The various fields are:

\begin{sreitems}{\textbf{Function:}}
\item[\textbf{Function:}] 
  The name of the function.  \prog{autodoc} uses this line to
  determine that it's supposed to generate a documentation entry here.
  \prog{autodoc} checks that it matches the name of the immediately
  following C function. One line; verbatim; required.

\item[\textbf{Synopsis:}] 
  A short one-line summary of the function. \ccode{autodoc -t} uses this
  line to generate the API summary tables that appear in this guide.
  One line; processed; not required for \prog{autodoc} itself, but
  required by \ccode{autodoc -t}. 

\item[\textbf{Incept:}] Records the author/date of first
  draft. \prog{autodoc} doesn't use this line.  Used to help track
  development history. The definition of ``incept'' is often fuzzy,
  because Easel is a palimpsest of rewritten code. This line often
  also includes a location, such as \ccode{[AA 673 over Greenland]},
  for no reason other than to remember how many weird places I've
  managed to get work done in..

\item[\textbf{Purpose:}] The main body. \prog{autodoc} processes this
  to produce the \TeX documentation. It explains the purpose of the
  function, then precisely defines what the caller must provide in
  each input argument, and what the caller will get back in each
  output argument. It should be written and referenced as if it will
  appear in the user guide (because it will). Multiline; processed by
  \prog{autodoc}; required.

\item[\textbf{Args:}] A tabular-ish summary of each argument. Not
  picked up by \prog{autodoc}, at least not at present. The
  \ccode{Purpose:} section instead documents each option in free text.
  Multiline and tabular-ish; ignored by \prog{autodoc}; optional.

\item[\textbf{Returns:}] The possible return values from the function,
  starting with what happens on successful completion (usually, return
  of an \ccode{eslOK} code). Also indicates codes for unsuccessful
  calls that are normal (returned) errors. If there are output
  argument pointers, documents what they will contain upon successful
  and unsuccessful return, and whether any of the output involved
  allocating memory that the caller must free.

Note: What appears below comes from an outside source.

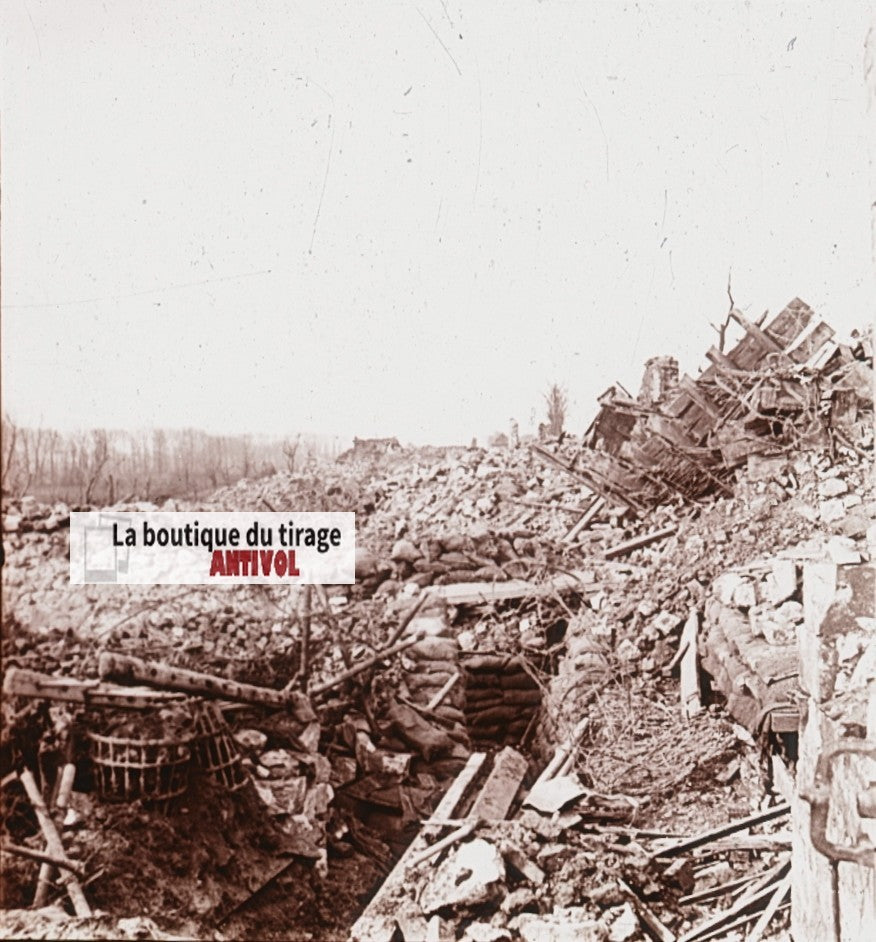 Saint-Laurent-Blangy, WW1, plaque verre stéréo, photo ancienne 4,5x10,7 cm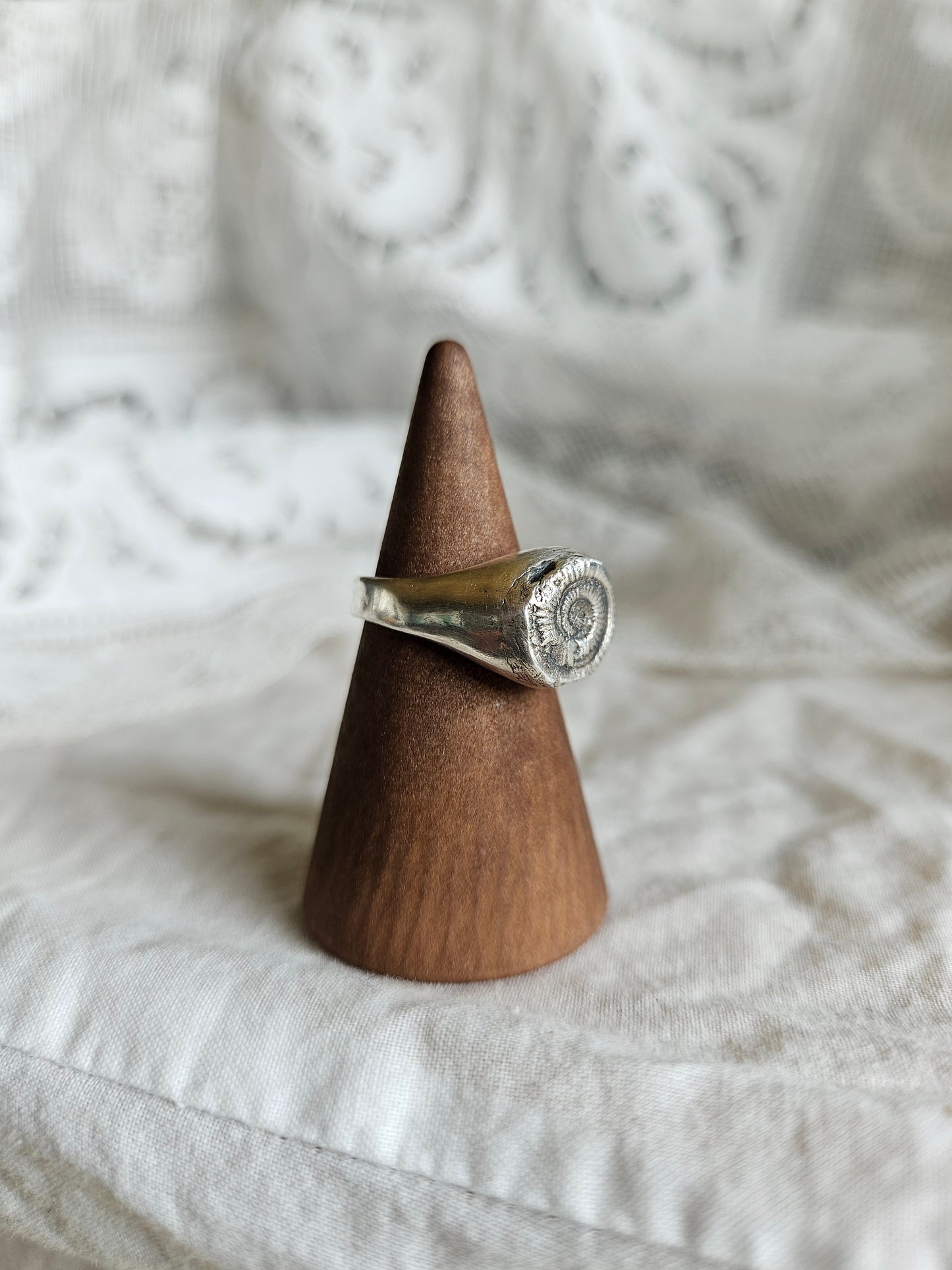 Ammonite ring - 99.9 Fine Silver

\item[\textbf{Throws:}] The possible exceptions thrown by the
  function, listing what a program that's handling its own exceptions
  will have to deal with. (Programs should never assume that this list
  is complete.) Programs that are letting Easel handle exceptions do
  not have to worry about any of the thrown codes.  The state of
  output argument pointers is documented -- generally, all output is
  set to \ccode{NULL} or \ccode{0} values when exceptions happen.
  After a thrown exception, there is never any memory allocation in
  output pointers that the caller must free.

\item[\textbf{Xref:}] Crossreferences to notebooks (paper or
  electronic) and to literature, to help track the history of the
  function's development and rationale.\footnote{A typical reference
  to one of SRE's notebooks is \ccode{STL10/143}, indicating St. Louis
  notebook 10, page 143.} Personal developer notebooks are of course
  not immediately available to all developers (especially bound paper
  ones) but still, these crossreferences can be traced if necessary.
\end{sreitems}

\subsection{cexcerpt - extracting C source snippets}

The \prog{cexcerpt} program extracts snippets of C code verbatim from
Easel's C source files.

The \ccode{documentation/Makefile} runs \prog{cexcerpt} on every
module .c and .h file. The extracted cexcerpts are placed in .tex
files in the temporary \ccode{cexcerpts/} subdirectory.

Usage: \ccode{cexcerpt <file.c> <dir>}. Processes C source file
\ccode{file.c}; extracts all tagged excerpts, and puts them in a file
in directory \ccode{<dir>}.

An excerpt is marked with special comments in the C file:
\begin{cchunk}
/*::cexcerpt::my_example::begin::*/
   while (esl_sq_Read(sqfp, sq) == eslOK)
     { n++; }
/*::cexcerpt::my_example::end::*/
\end{cchunk}

The cexcerpt marker's format is \ccode{::cexcerpt::<tag>::begin::} (or
end). A comment containing a cexcerpt marker must be the first text on
the source line. A cexcerpt comment may be followed on the line by
whitespace or a second comment.

The \ccode{<tag>} is used to construct the file name, as
\ccode{<tag>.tex}.  In the example, the tag \ccode{my\_example} creates
a file \ccode{my\_example.tex} in \ccode{<dir>}.

All the text between the cexcerpt markers is put in the file.  In
addition, this text is wrapped in a \ccode{cchunk} environment.  This
file can then be included in a \LaTeX\ file.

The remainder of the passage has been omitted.